Private ownership was a foreign concept to the Maasais until the 1980s when the the government forced on them a program of commercializing land. Since then, the authorities subdivided their land into ranches and plots and sold to private developers. Sure, this system has polarized the tribe but many have become extremely wealthy at the expense of others due to the sale of their plots to commercial developers.
Economy with outsiders
Maasais sell or exchange their livestock products outside the Maasai community for beads, clothing, grains, uniform and school fees. With the Group Ranch project of the 1980s it is now common to see Maasai men and women in major cities and towns of Kenya selling cell phones, charcoal and grain among other items. Maasais have now become much more entrenched in modern market economy.
The nomadic lifestyle of Maasais is beginning to change because the governments of Tanzania and Kenya have made new wildlife parks and reserves where they used to live. So, the land where they live shrinks. And the government prohibits them from accessing resources or grazing their livestock in the reserves and parks. Demand for grazing and pasturing rights to several of the National Reserves in both Tanzania and Kenya have been declined. There are also projects to encourage Maasais to integrate into modern civilization and abandon their traditional lifestyle. Hence, their nomadic lifestyle is gradually giving way to urban ways. For example, more start to build permanent homes. They have grown dependent on other food products such as cabbage, potatoes, rice, maize meal, etc. The use of cattle blood in daily diet is waning because of the reduction of livestock numbers.

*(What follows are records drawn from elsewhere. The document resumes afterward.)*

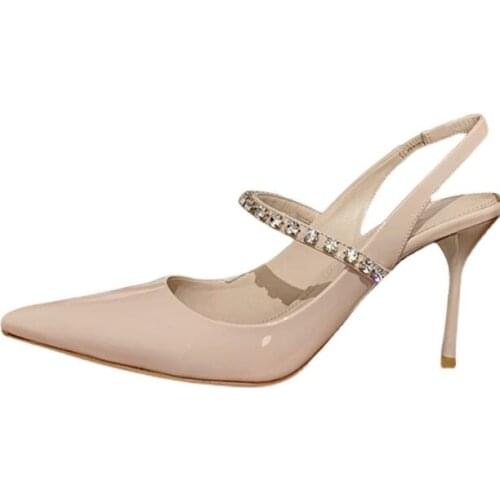 Spring Fashion Woman Nude Sliver Black Crystal Slingback Pumps Female Pointed Toe Shallow Elastic Band Slip On Wedding Shoes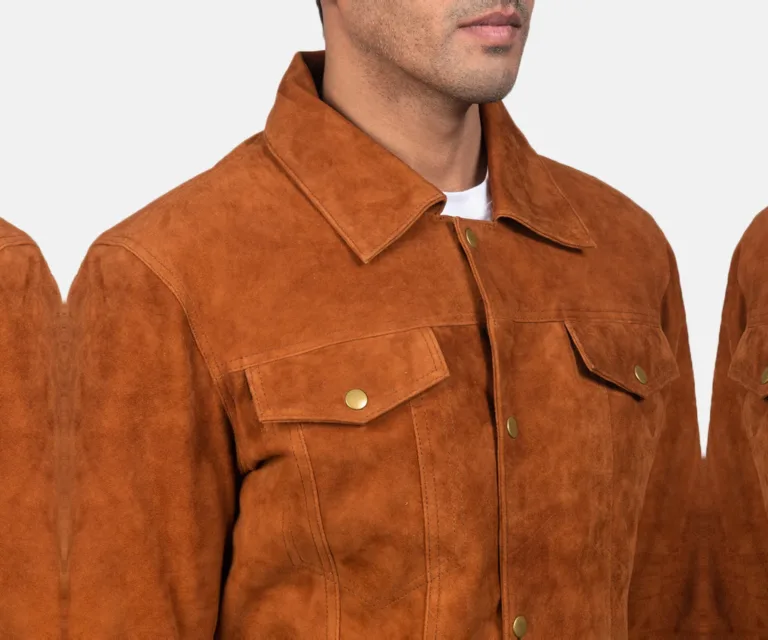 Stallon Brown Suede Trucker Jacket — Macro Detail Soft Suede Nap, Stitching & Buttons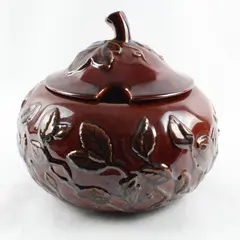 Grasslands Road Falling Leaves Pear Tureen Ceramic Serving Bowl Brown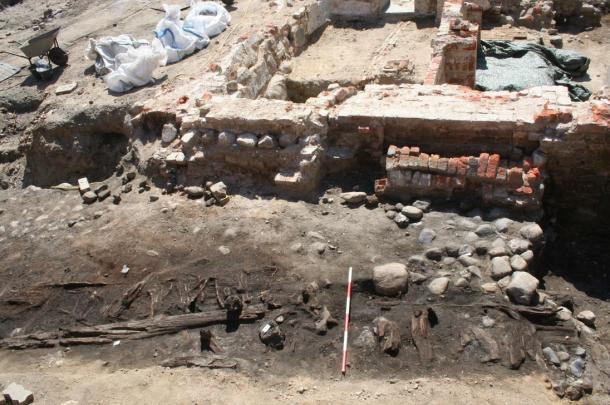 The market stalls of Odense undergoing excavation.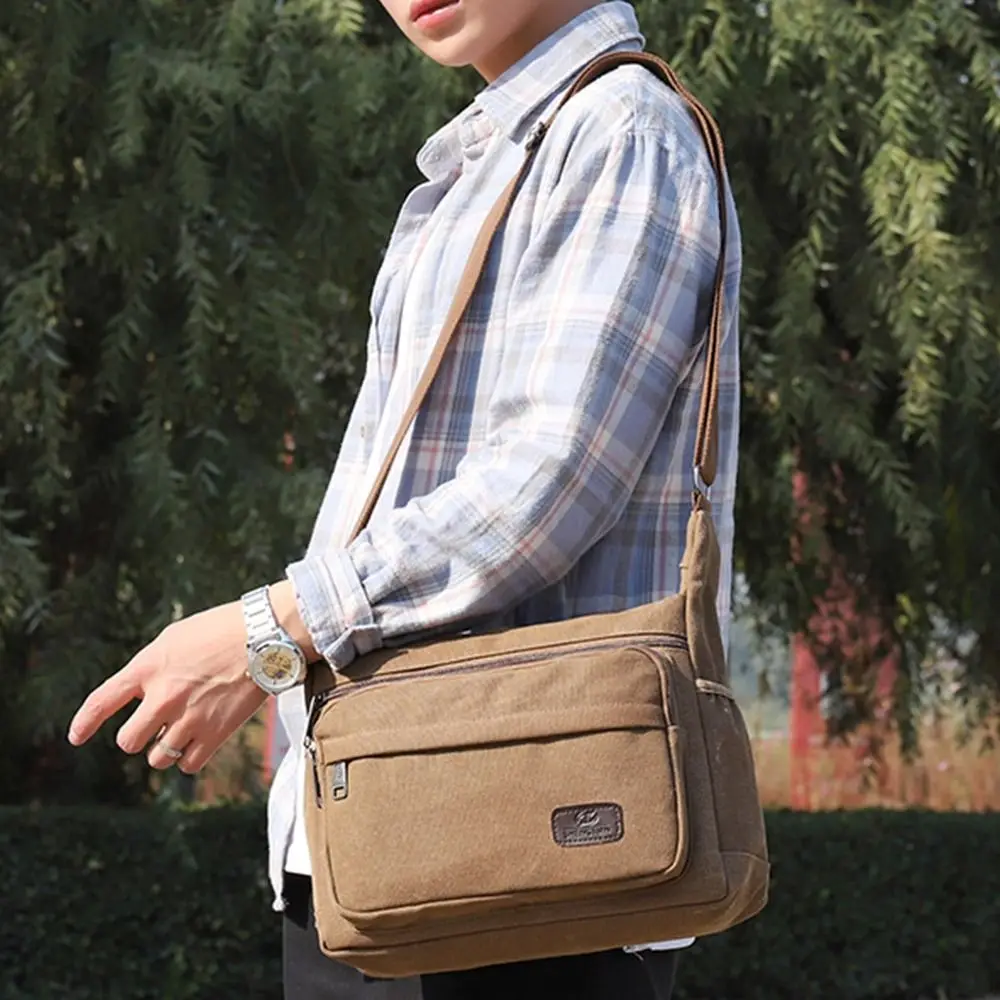 Creative Men Messenger Shoulder Bag Multi Pockets Canvas Crossbody Bag Large Capacity Travel Bag Satchel Casual Purses Male Bag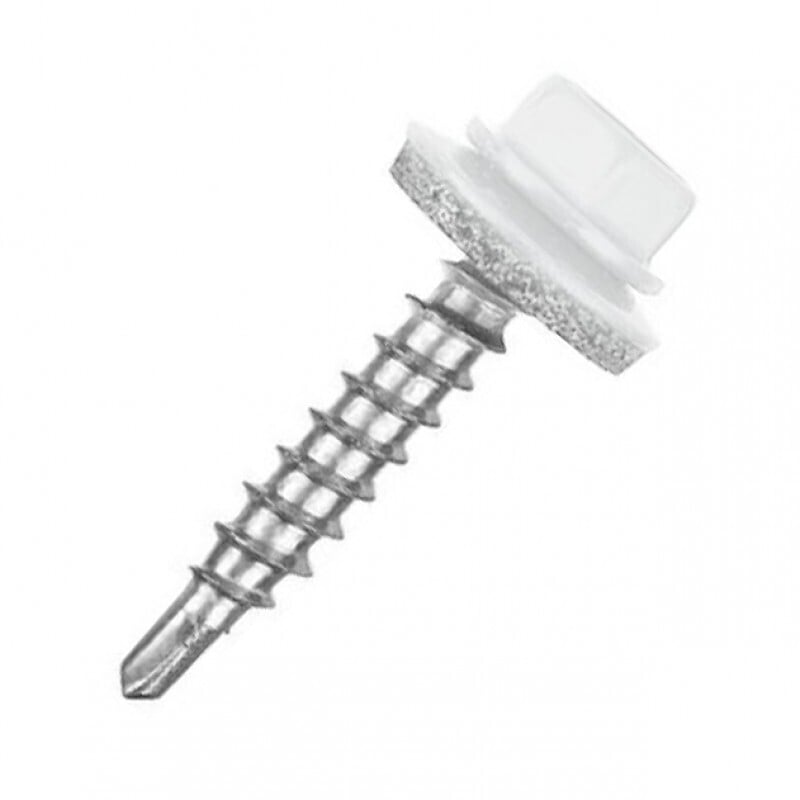 Саморез кровельный Daxmer мет/дер 4,8*29 RAL 9003 белый  (шт)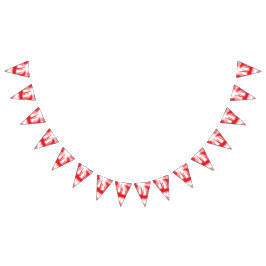 Grafikdesign mit fett rotem und orangefarbenem Des Wimpelkette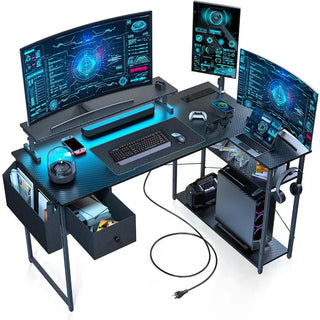 47 inch L Shaped Gaming Desk with LED Lights & Adjustable Stand, Power Outlets, Reversible Gaming Desk with Shelves,Hook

Traditional Maasais frown upon crop cultivation. They believe that it is a sin against nature because cultivated land is no longer suitable for cattle grazing. But Maasais who live near crop farmers find that their plot sizes are not large enough anymore to accommodate livestock. Thus, they are forced to engage in cultivation as their secondary mode of subsistence.
Over the years, the government has introduced projects and programs to help Maasai tribal leaders preserve their traditions while balancing the education needs of their children and prepare them for the modern world. With the arrival of formal schooling, herding of livestock has become the parents’ responsibility.
Many Maasais have moved from their homeland to responsible positions in the society. Because of the erosion of Maasai lifestyle brought on by Western civilization, it is not uncommon to see many Maasais live in stationary shelters in the cities, work in farming, business, and even in the public sectors. Many work in the tourism sectors where they exhibit their culture to visiting tourists. Some are well educated and speak Swahili and even English.
Dynamics of Maasai culture erosion
Maasais, who once had a long tradition of pride, are now facing many political and socio-economic challenges. Many of them live in inconceivable poverty and rely on relief food. Customs, activities, rituals and cattle raiding have been outlawed. Maasai leadership is losing its power because of imposed foreign concepts of development by the western front. Government policies have made Maasai way of life increasingly difficult. At this point, the sustainability of their way of living is uncertain.
Although Maasai culture is transforming, its beliefs and values remain strong. Maasais who lead urbanized lifestyle happily head homewards in designer clothes, only to emerge from the Maasailand wearing their shuka and cowhide sandals. And despite education, civilization and western influences, some stubbornly cling to nomadic pastoralism and continue to honor their culture, traditions and history.